**What to produce**
Write out a word-for-word repetition of the lines that come before the line containing "Polo Azul Marino" in the listing below, along with that line itself, omitting pictures.

►

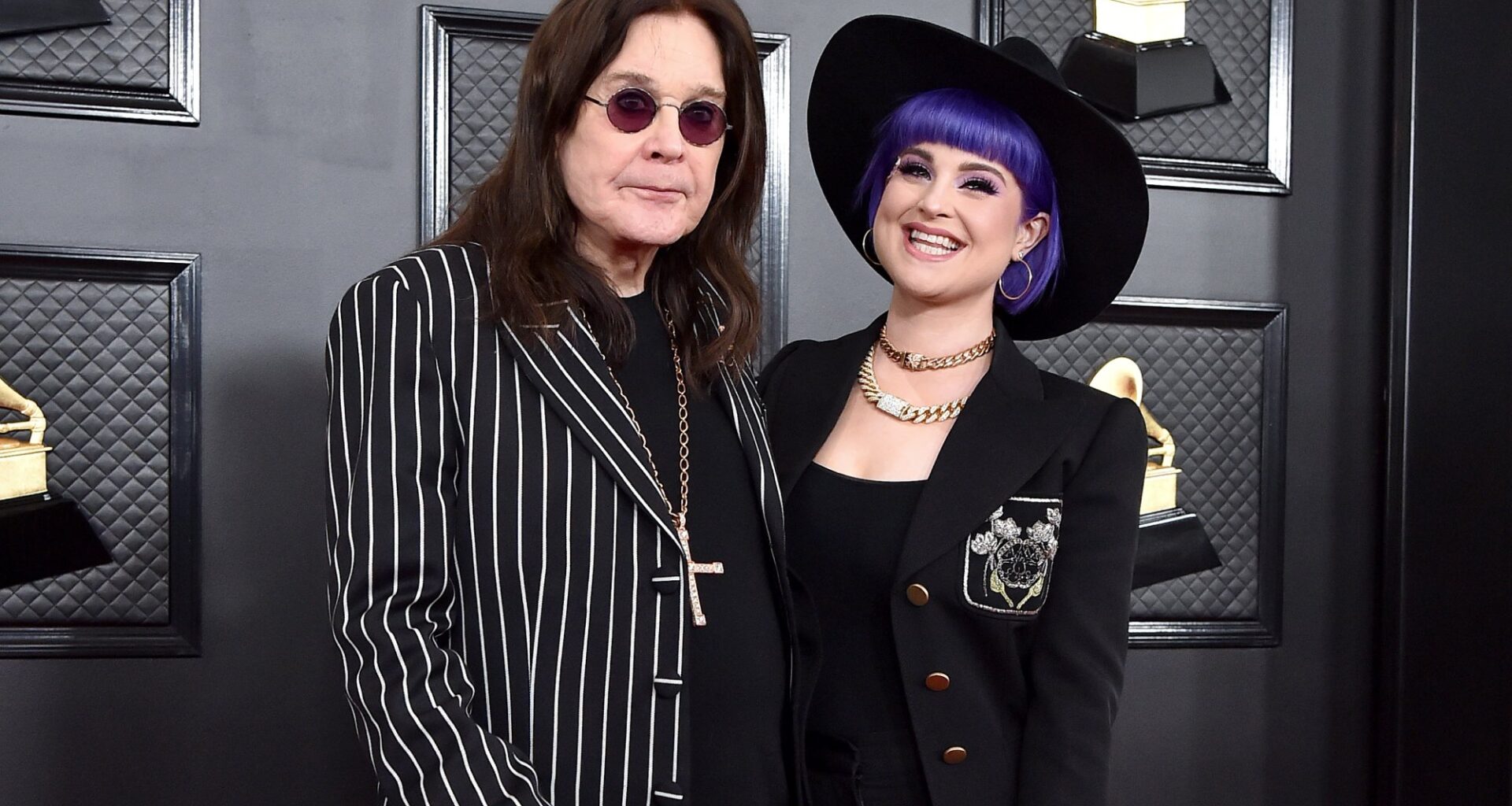 Kelly Osbourne thanks fans in Birmingham after accepting award on behalf of Ozzy Osbourne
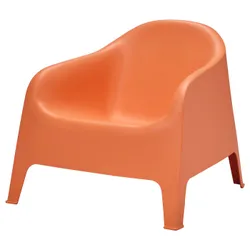IKEA SKARPÖ(205.227.44) садовое кресло, апельсин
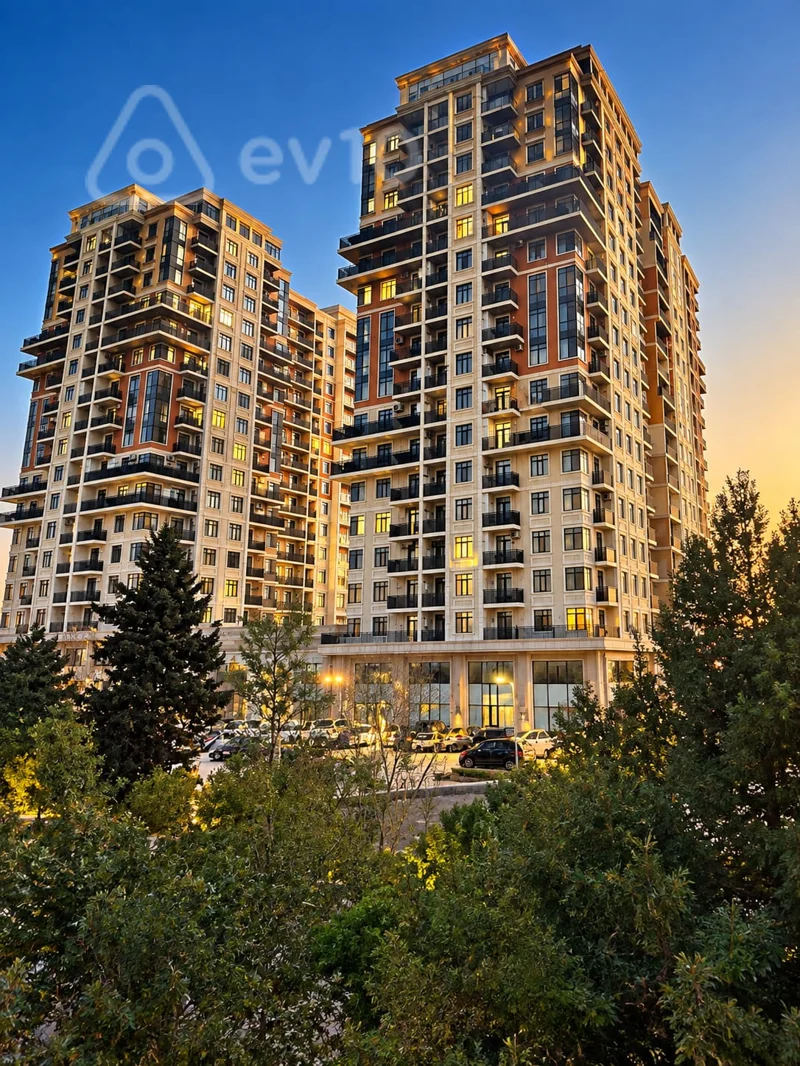2 otaqlı mənzil, 90 m², Cavanşir küçəsi — Bakı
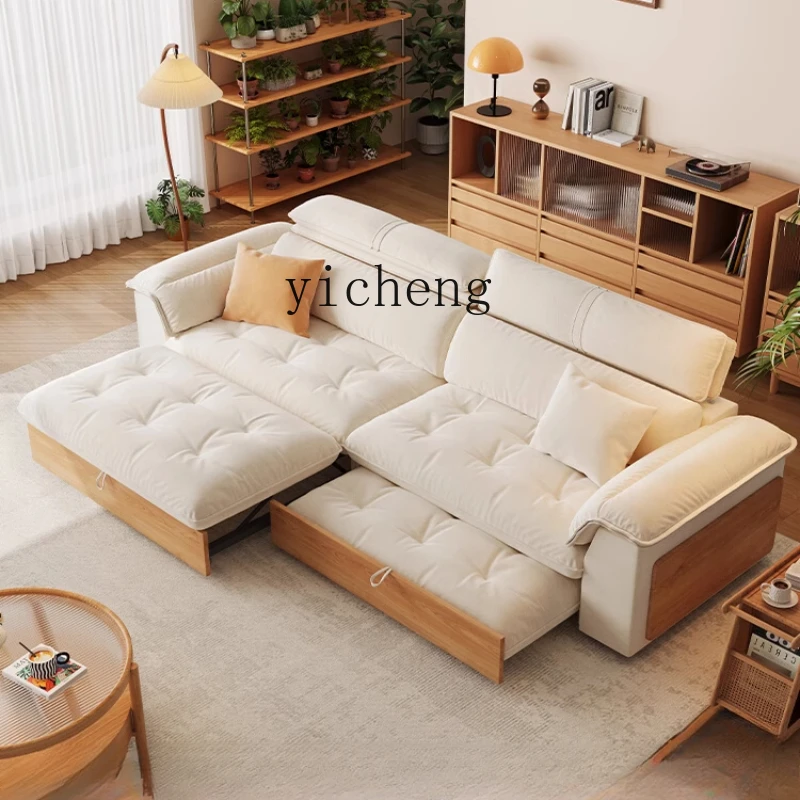 TQH solid wood sofa bed folding dual-purpose log wind living room small apartment cloth sofa
TQH solid wood sofa bed folding dual-purpose log wind living room small apartment cloth sofa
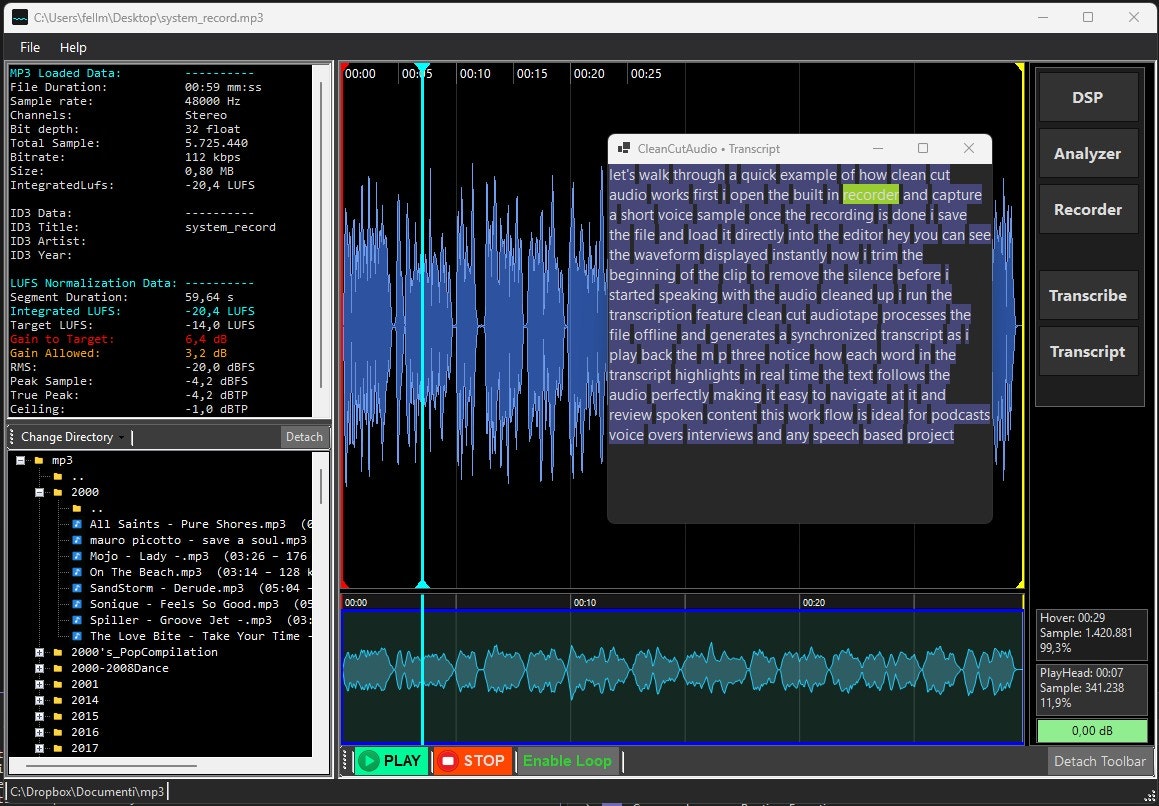 CleanCutAudio gallery image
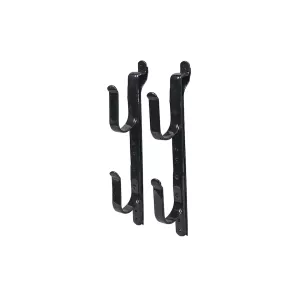 Allen Two Gun Rack Steel Black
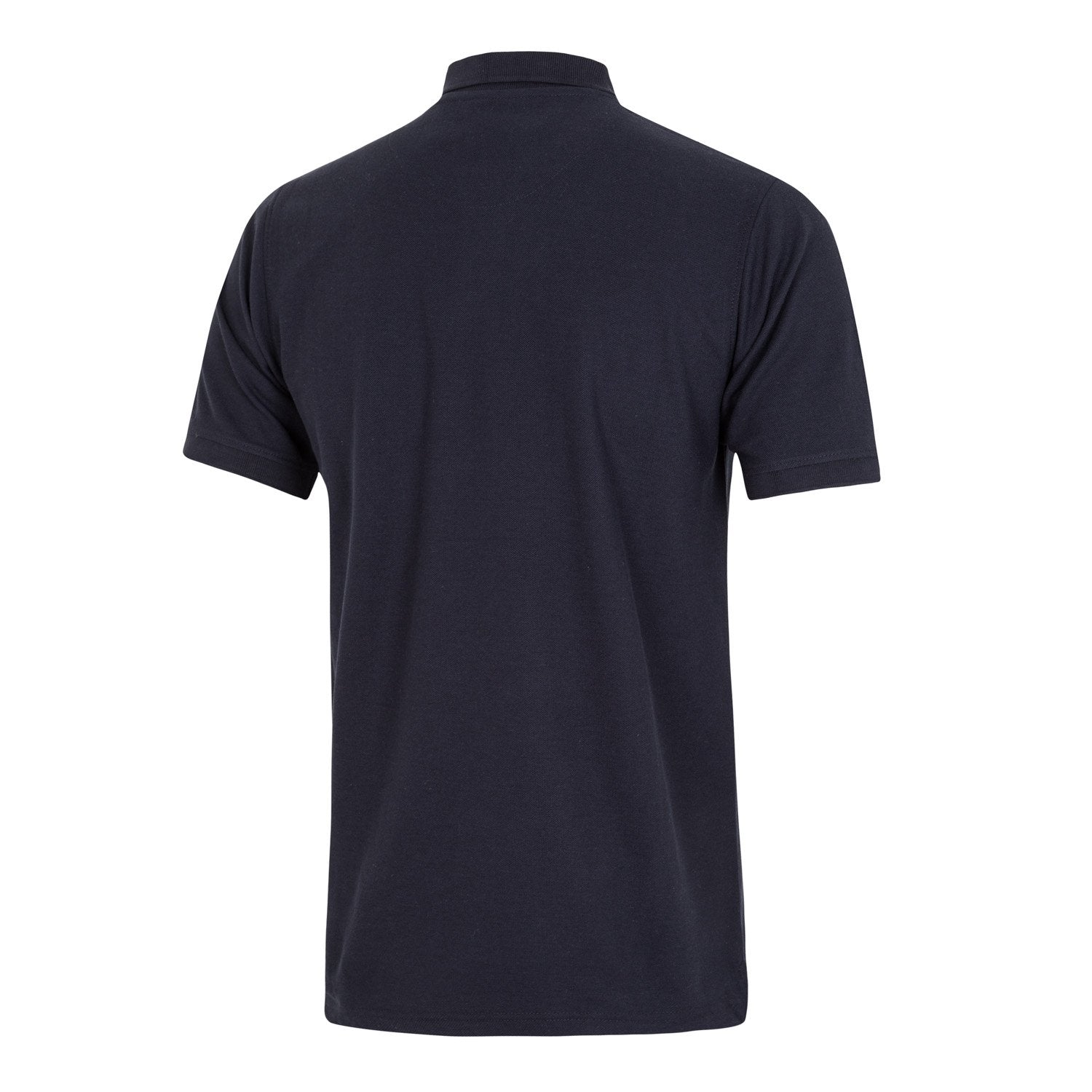 Polo Azul Marino Hombre Escudo Color Essentials
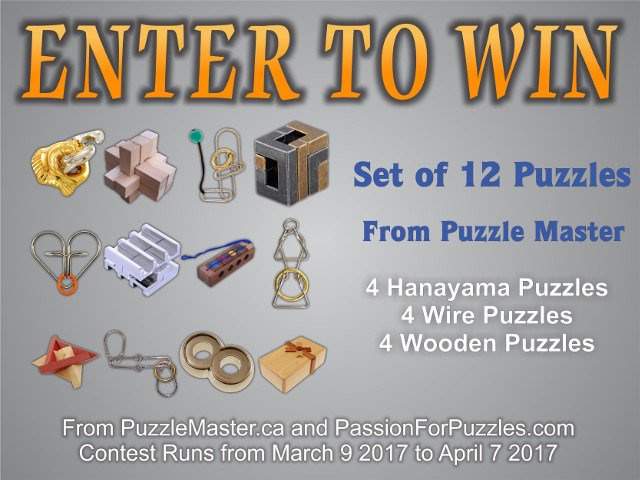 New contest posted! Check it out to win over $160 in FREE puzzles :) passionforpuzzles.com/contest #puzzlemaster #freestuff #getyopuzzles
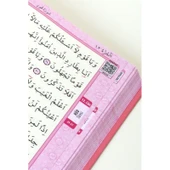 Kuranı Kerim Bilgisayar Hatlı Pembe Renk Orta Boy - 3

◄

**Result of this exercise**
 Kelly Osbourne thanks fans in Birmingham after accepting award on behalf of Ozzy Osbourne
IKEA SKARPÖ(205.227.44) садовое кресло, апельсин
2 otaqlı mənzil, 90 m², Cavanşir küçəsi — Bakı
 TQH solid wood sofa bed folding dual-purpose log wind living room small apartment cloth sofa
TQH solid wood sofa bed folding dual-purpose log wind living room small apartment cloth sofa
 CleanCutAudio gallery image
 Allen Two Gun Rack Steel Black
 Polo Azul Marino Hombre Escudo Color Essentials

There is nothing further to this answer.